Subscribers MUST upgrade to Class 2 or higher level for any domain and site of
commercial nature, when using high-profile brands and names or if involved in
obtaining or relaying sensitive information such as health records, financial
details, personal information etc.

------
ColinWright
Clicketty-click: [http://template2pdf.com/](http://template2pdf.com/)

I visited your site expecting exactly the same kinds of problems I've given
feedback about many times before[0][1].

I was pleasantly surprised. The landing page is clean, clear, and I
immediately understood what you were doing. I don't have a need for your
service, but I can see that it could easily fill a need.

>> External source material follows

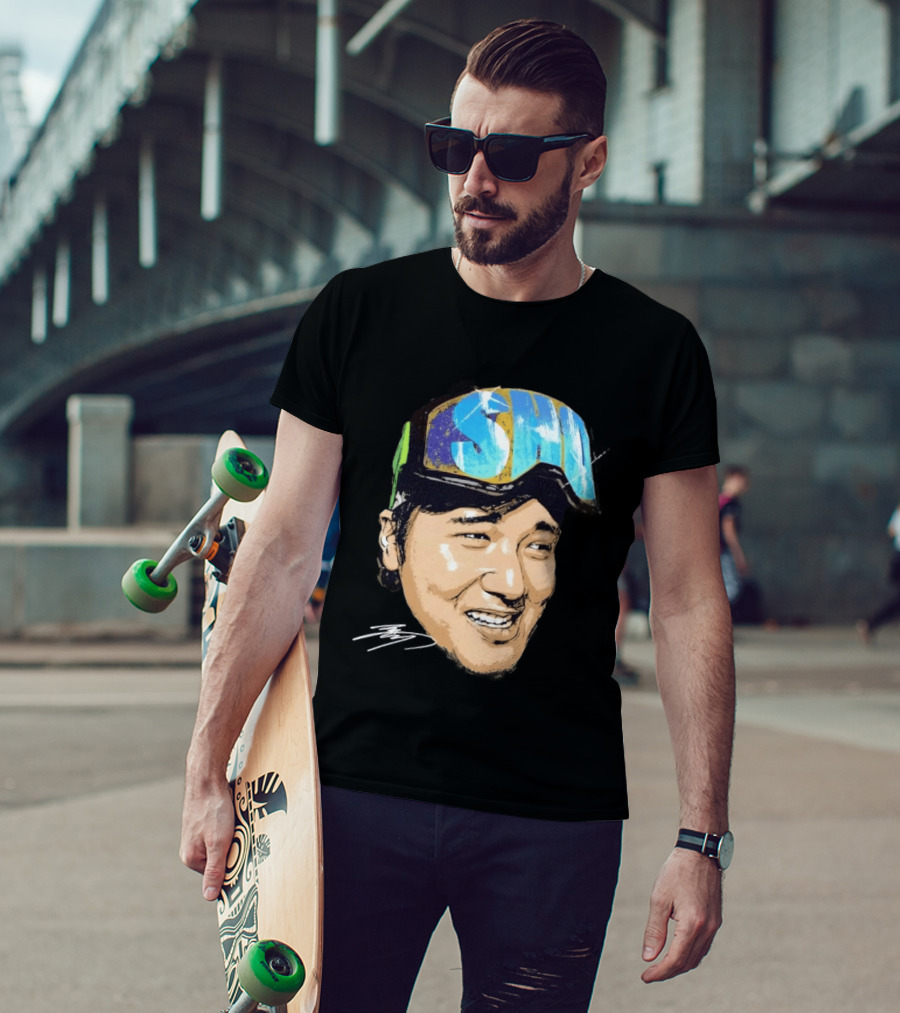 SHO Shohei Ohtani Los Angeles Dodgers Goggles T-Shirt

I don't know how easy it is to use, but if the execution is good then I think
you might have something. You have identified your problem, though. Exposure.
You might want to change your landing site to increase the size of the problem
being solved, and reduce the links to "Template," API," _etc._ The visitor
needs to be reminded immediately of the pain, that way you catch their
attention.

Others may have more to add about the marketing problem and your pricing
choices. A few questions/comments:

* How is this better than just exporting a PDF from PowerPoint?

* Some of your copy seems to be targeted at sys-admin types - they aren't the ones with money.

* I suspect you need to start getting a network of interested people.

Good luck!

[0]
[https://news.ycombinator.com/item?id=7857964](https://news.ycombinator.com/item?id=7857964)

[1]
[https://news.ycombinator.com/item?id=7839799](https://news.ycombinator.com/item?id=7839799)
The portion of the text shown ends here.